Preface
In recent years, deep learning has made unprecedented success stories in difficult problems in vision, speech, natural language processing and understanding, and all other areas with abundance of data. The interest in this field by companies, universities, governments, and research organizations has accelerated the advances in the field. This book covers select important advances in deep learning. The advanced theories are explained by giving a background of the principles, digging into the intuition behind the concepts, implementing the equations and algorithms using Keras, and examining the results.
Artificial Intelligence (AI), as it stands today, is still far from being a well-understood field. Deep learning, as a sub field of AI, is in the same position. While it is far from being a mature field, many real-world applications such as vision-based detection and recognition, product recommendation, speech recognition and synthesis, energy conservation, drug discovery, finance, and marketing are already using deep learning algorithms. Many more applications will be discovered and built. The aim of this book is to explain advanced concepts, give sample implementations, and let the readers, as experts in their field, identify the target applications.
A field that is not completely mature is a double-edged sword. On one edge, it offers a lot of opportunities for discovery and exploitation. There are many unsolved problems in deep learning. This translates into opportunities to be the first to market – product development, publication, or recognition. The other edge is that it would be difficult to trust a not completely well-understood field in a mission-critical environment. We can safely say that if asked, very few machine learning engineers will ride an auto-pilot plane controlled by a deep learning system. There is a lot of work to be done to gain this level of trust. The advanced concepts that are discussed in this book have a high chance of playing a major role as the foundation in gaining this level of trust.
Every book in deep learning will not be able to completely cover the whole field. This book is not an exception.

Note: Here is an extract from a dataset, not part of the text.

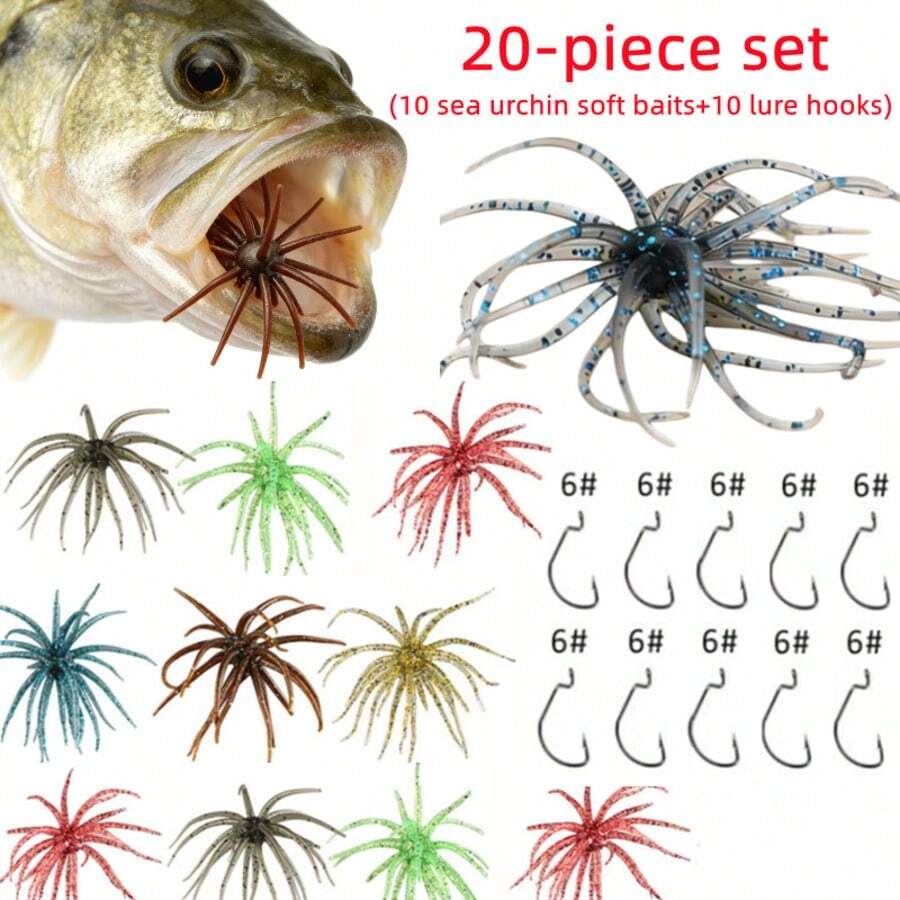 20-Piece Set (10 Sea Urchin Soft Baits+10 Lure Hooks), Wide Belly Crank Hooks, Spherical Floating Biomimetic Realistic Fishing Baits, Suitable For Bass, Trout, Lake, River Freshwater And Seawater Fishing, Perfect Gift For Fishing Enthusias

Given the time and space, we could have touched interesting areas such as detection, segmentation and recognition, visual understanding, probabilistic reasoning, natural language processing and understanding, speech synthesis, and automated machine learning. However, this book believes in choosing and explaining select areas so that readers can take up other fields that are not covered.
As the reader is about to read the rest of this book, they need to keep in mind that they chose an area that is exciting and can have a huge impact on the society. We are fortunate to have a job that we look forward to working on as we wake up in the morning.